Walking through central London as part of the Free Iran protest movement a couple of Sundays ago, I kept noticing the faces of bystanders. There was certainly very little in the way of support. But equally, open hostility wasn’t the predominant response either. Many of the expressions were marked by something harder to discern – a kind of consternation, an ill-disposed bemusement, as though what was in front of them couldn’t quite be metabolised, not without a certain level of discomfort anyway.
The marchers, among them actual survivors of imprisonment and torture, were carrying the traditional Iranian lion-and-sun alongside the flags of America and Israel. They have been calling for the same freedom that Britain has, for the longest time, claimed to represent in the world. And yet there on the faces of onlookers was not recognition, but something else entirely.

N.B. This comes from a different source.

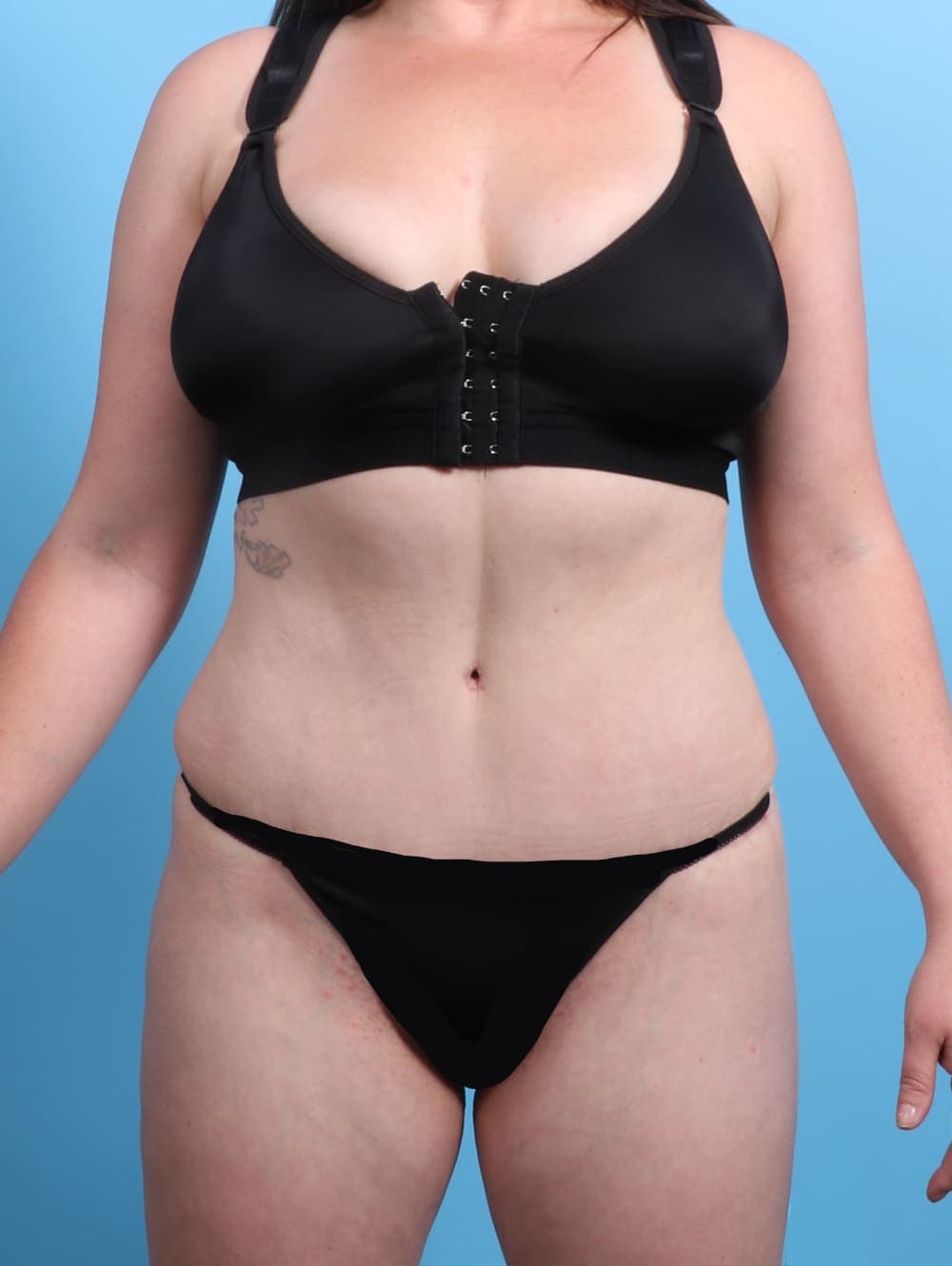 Tummy Tuck case #2370 after, image 1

I have spent a great deal of time with the Iranian diaspora. I have photographed them during their Nowruz (Persian New Year) celebrations in Golders Green, at the permanent encampment outside the Iranian Embassy in Knightsbridge, and at their Sunday protests on Whitehall, where they gather outside Downing Street, calling on the government to proscribe the Islamic Revolutionary Guards Corps (IRGC). They are, in my experience, some of the most serious and clear-eyed people living in the UK at the moment. They have seen political Islam from the inside, not as a theoretical proposition but as a lived system of repression and coercion. A system that has disappeared friends, imprisoned family members and attempted to overwrite a truly great civilisation. The country of Hafez and Rumi has in their exile become a byword for extremist and authoritarian terror and a nation that is now ranked 145th out of 148 for the treatment of women. Some of these protesters literally have the scars.